At the bottom, we have (in purple) the AAP’s 1200 participating publishers, whose sales — 80% of which are from the Big 5 — get reported in the AAP’s monthly StatShot reports. As we move from left to right, comparing the heights of the purple bars from February 2014 to September 2015, we can see the AAP’s share of all ebooks sold progressively dropping.

The AAP’s share of Kindle ebooks purchased by consumers has fallen from 45% of all Kindle ebooks sold in February 2014 to less than 32% of all Kindle ebooks selling in September 2015.

Smaller, non-AAP-reporting traditional publishers:

Right above the AAP’s share, we see (in red) how non-AAP-reporting traditional publishers have fared. These are generally smaller publishers and micropresses who are not part of the AAP’s 1200 reporting participants.

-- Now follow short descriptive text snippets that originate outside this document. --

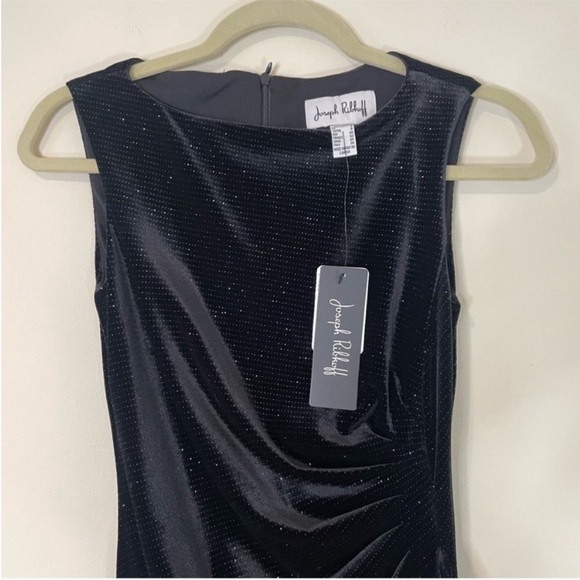 NWT Joseph Ribkoff Velvet Sparkle Drapey Ruffle Chic Elegant LBD Dress Size 2 - Picture 5 of 11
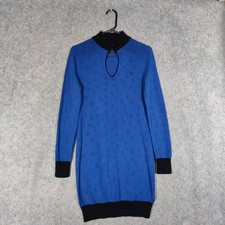 Fred Perry Amy Winehouse Dress Size UK 10 Blue Knit Card Suits Hearts Retro 60s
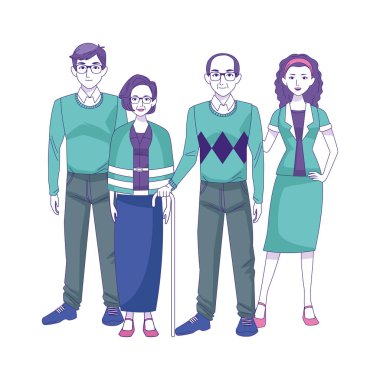 Büyükanne ve büyükbaba ve kadın ayakta ikon, renkli tasarım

Up through May 2015, the market share of non-AAP-reporting traditional publishers has been declining right alongside the AAP’s.

But in September, we see those smaller, non-AAP-reporting traditional publishers picking up some of the AAP’s lost market share. A single data point does not a trend make . . . but perhaps, as the AAP publishers have begun to price themselves out of the ebook market, they’ve also given their smaller traditional-publisher brethren some breathing room. We shall see in the coming months.

Amazon’s own publishing imprints:

Above the purple AAP and red non-AAP traditional publishers, we have Amazon’s own publishing imprints (shown here in pale green). There are no more than a few thousand books published by these imprints — Montlake, Thomas & Mercer, 47North, Skyscape, and the like — but unsurprisingly they punch well above their weight, being uniquely positioned to sell well in Amazon’s own Kindle store.

Over the past 18 months, Amazon imprints have nearly doubled their market share, from 7% of all Amazon ebook purchases in February 2014 to 13% of all Amazon ebook purchases now.

Indie self-published books:

And then at the top of the graph, in various shades of blue, we have indie self-published books. For simplicity, in this series of charts, we’ve included uncategorized single-author-publishers (who are basically all unconfirmed, low-selling indies) in the indie category.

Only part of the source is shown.